Comment 9•13 years ago
|
||
Bug 754771 would probably help a lot with debugging this, because then you could see which system compartment we're talking about here.
Updated•13 years ago
|
Whiteboard: [memshrink]
Comment 10•13 years ago
|
||
With patches from bug 754771 applied, I've isolated the modules causing the explosion:
1,329,651,304 B (100.0%) -- explicit
├──1,230,743,744 B (92.56%) -- js
│ ├────555,525,832 B (41.78%) -- compartment([System Principal], resource://services-sync/record.js)

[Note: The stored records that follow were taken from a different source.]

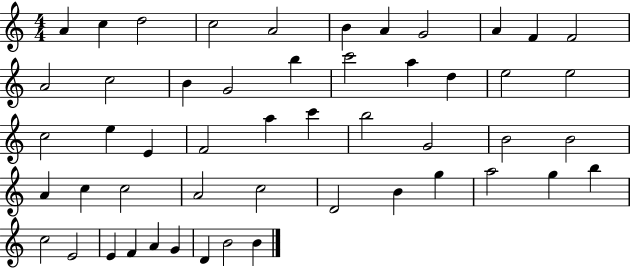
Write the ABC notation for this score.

X:1
T:Untitled
M:4/4
L:1/4
K:C
A c d2 c2 A2 B A G2 A F F2 A2 c2 B G2 b c'2 a d e2 e2 c2 e E F2 a c' b2 G2 B2 B2 A c c2 A2 c2 D2 B g a2 g b c2 E2 E F A G D B2 B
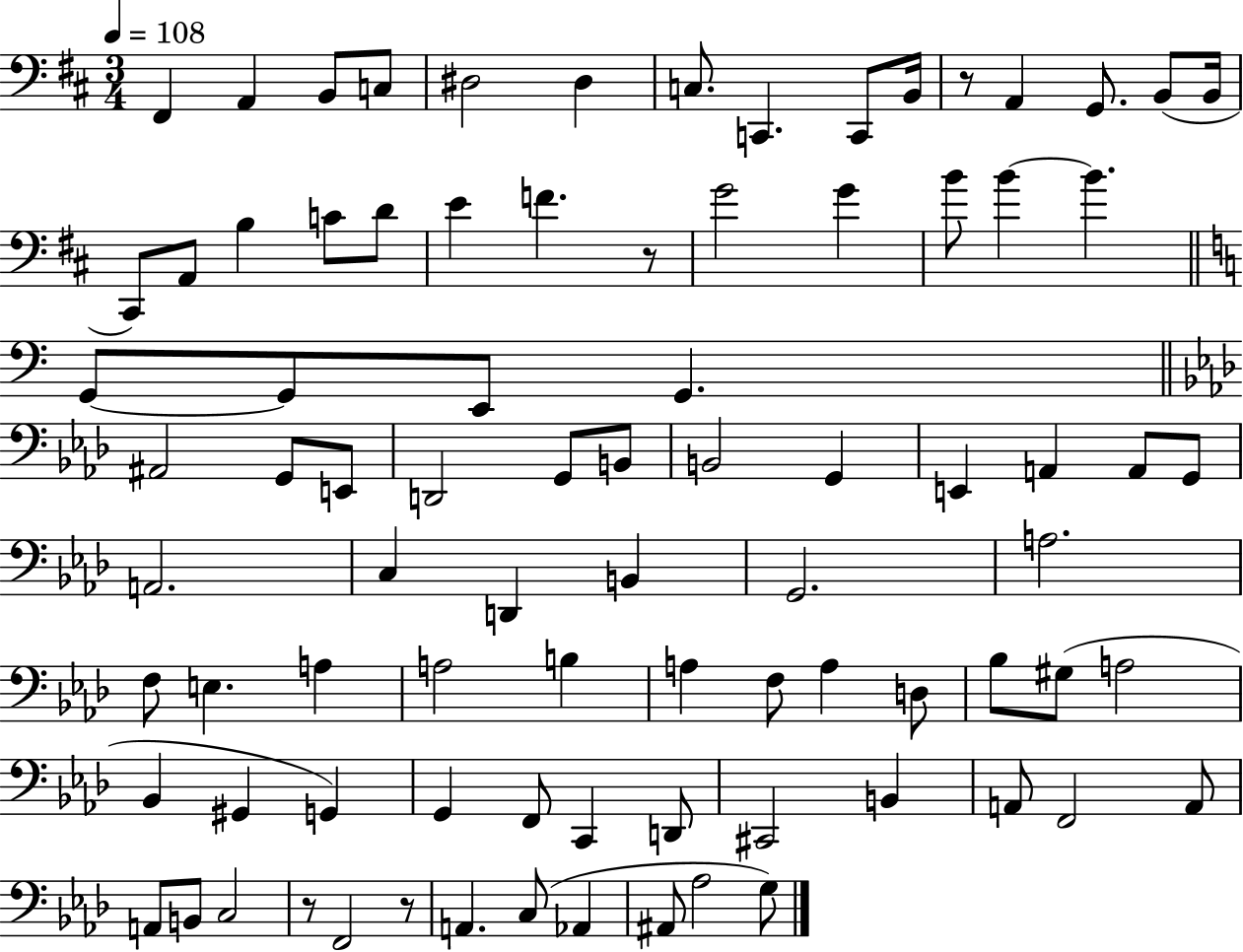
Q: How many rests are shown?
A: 4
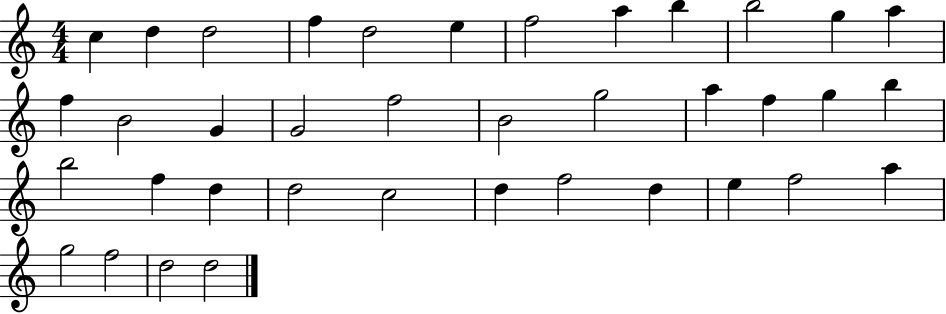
X:1
T:Untitled
M:4/4
L:1/4
K:C
c d d2 f d2 e f2 a b b2 g a f B2 G G2 f2 B2 g2 a f g b b2 f d d2 c2 d f2 d e f2 a g2 f2 d2 d2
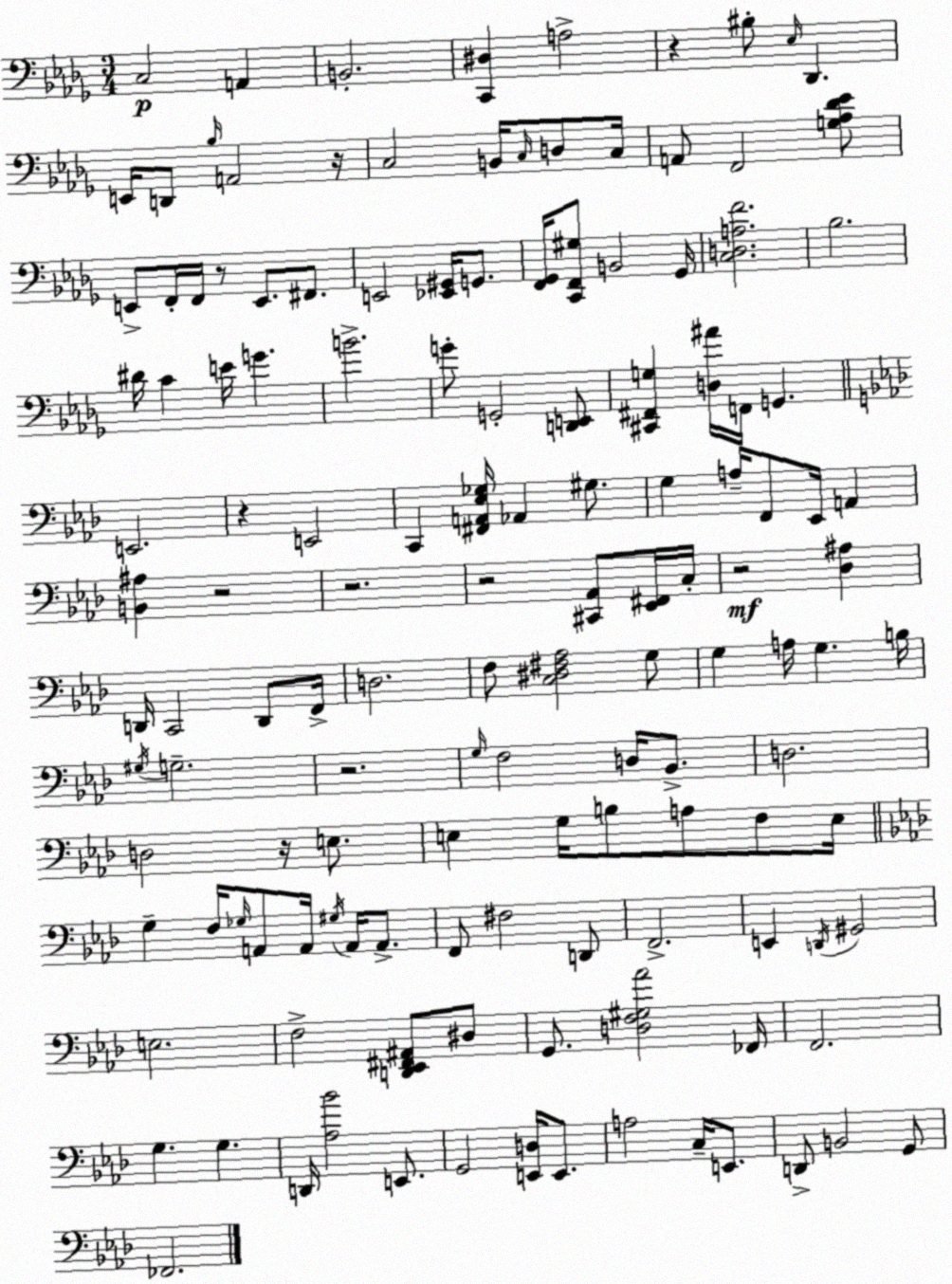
X:1
T:Untitled
M:3/4
L:1/4
K:Bbm
C,2 A,, B,,2 [C,,^D,] A,2 z ^B,/2 _E,/4 _D,, E,,/4 D,,/2 _B,/4 A,,2 z/4 C,2 B,,/4 C,/4 D,/2 C,/4 A,,/2 F,,2 [G,_A,_D_E]/2 E,,/2 F,,/4 F,,/4 z/2 E,,/2 ^F,,/2 E,,2 [_E,,^G,,]/4 G,,/2 [F,,_G,,]/4 [C,,F,,^G,]/2 B,,2 _G,,/4 [C,D,A,F]2 _B,2 ^D/4 C E/4 G B2 G/2 G,,2 [D,,E,,]/2 [^C,,^F,,G,] [D,^A]/4 F,,/4 G,, E,,2 z E,,2 C,, [^F,,A,,_E,_G,]/4 _A,, ^G,/2 G, A,/4 F,,/2 _E,,/4 A,, [B,,^A,] z2 z2 z2 [^C,,_A,,]/2 [_E,,^F,,]/4 C,/4 z2 [_D,^A,] D,,/4 C,,2 D,,/2 F,,/4 D,2 F,/2 [C,^D,^F,_A,]2 G,/2 G, A,/4 G, B,/4 ^G,/4 G,2 z2 G,/4 F,2 D,/4 _B,,/2 D,2 D,2 z/4 E,/2 E, G,/4 B,/2 A,/2 F,/2 E,/4 G, F,/4 _G,/4 A,,/2 A,,/4 ^G,/4 A,,/4 A,,/2 F,,/2 ^F,2 D,,/2 F,,2 E,, D,,/4 ^G,,2 E,2 F,2 [D,,_E,,^F,,^A,,]/2 ^D,/2 G,,/2 [D,F,^G,_A]2 _F,,/4 F,,2 G, G, D,,/4 [_A,_B]2 E,,/2 G,,2 [E,,D,]/4 E,,/2 A,2 C,/4 E,,/2 D,,/2 B,,2 G,,/2 _F,,2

│ │ ├──553,818,320 B (41.65%) ── string-chars
│ ├────554,112,096 B (41.67%) -- compartment([System Principal], resource://services-sync/resource.js)
│ │ ├──553,733,776 B (41.65%) ── string-chars
record.js contains the logic for dealing with Sync records. It takes raw data objects, does crypto, creates real record objects, then serializes them to JSON. It then passes them over a wall to resource.js for HTTP request foo. Incoming records work the opposite way.
In this process, there is lots of overhead. The crypto uses js-ctypes (WeaveCrypto) to talk to NSS. There are lots of temporary JS strings and objects being created. We plan to replace this with a single C++ function in the next major Sync release. For now, we have to live with it.
I'm surprised that resource.js has as many string-chars bytes as record.js. I would expect most of the memory allocation to be in record.js and resource.js would "inherit" the subset/final product. Of course, I'm naive as to how the JS internals work.
Is there any way for me to debug what exactly is allocating these string-chars?
Comment 11•13 years ago
|
||
Interestingly, outgoing only changes (i.e. first sync upload) aren't too bad. The problem appears to only be when processing incoming data.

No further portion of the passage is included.